Prime Minister Gordon Brown's spokesman said: "We will work out a timetable for repayment over the next few weeks.
"It's money that's owed to us as a result of the problems in the Icelandic banking sector."
Iceland's £2.2 billion of liabilities to the UK were confirmed today as part of a 10.2 billion dollar IMF package of support to help the island's financial recovery.
The final 2.1 billion dollars of that were signed off by the IMF today after being held up by a dispute between the UK and Iceland over refunds for depositors.
That was overcome earlier this week when Iceland agreed to cover the first £18,000 that UK savers lost. Previously the country had threatened only to reimburse domestic depositors.
The dispute also involved the Dutch and German governments, whose people also had savings in Icesave.

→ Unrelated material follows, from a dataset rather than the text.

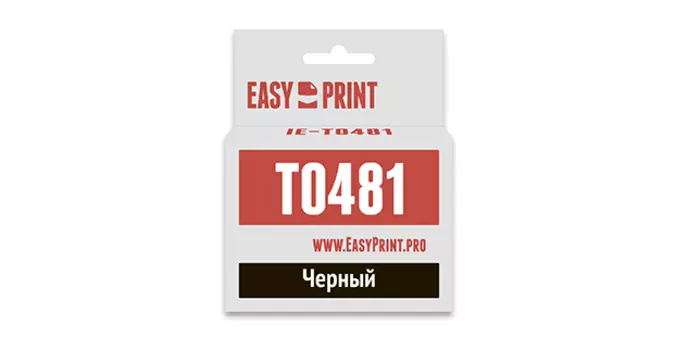 Картридж струйный EasyPrint IE-T0481, совместимый, для Epson Stylus Photo R200/300/RX500/600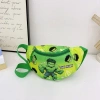 Túi đeo bao tử Marvel bé 3-10 tuổi, nylon, ngăn kéo khóa, Bunakids TD34 – 53.000 VND 10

In a joint statement today, the British, Dutch and German governments said: "In supporting the IMF programme today the UK, Netherlands and Germany welcome Iceland's commitment to meet its obligations to depositors and ensure the fair, equal and non-discriminatory treatment of creditors.
"As part of the international support for Iceland, the UK, Netherlands and Germany will work constructively in the continuing discussions with Iceland to conclude agreements on pre-financing that enables Iceland to meet its obligations towards depositors shortly."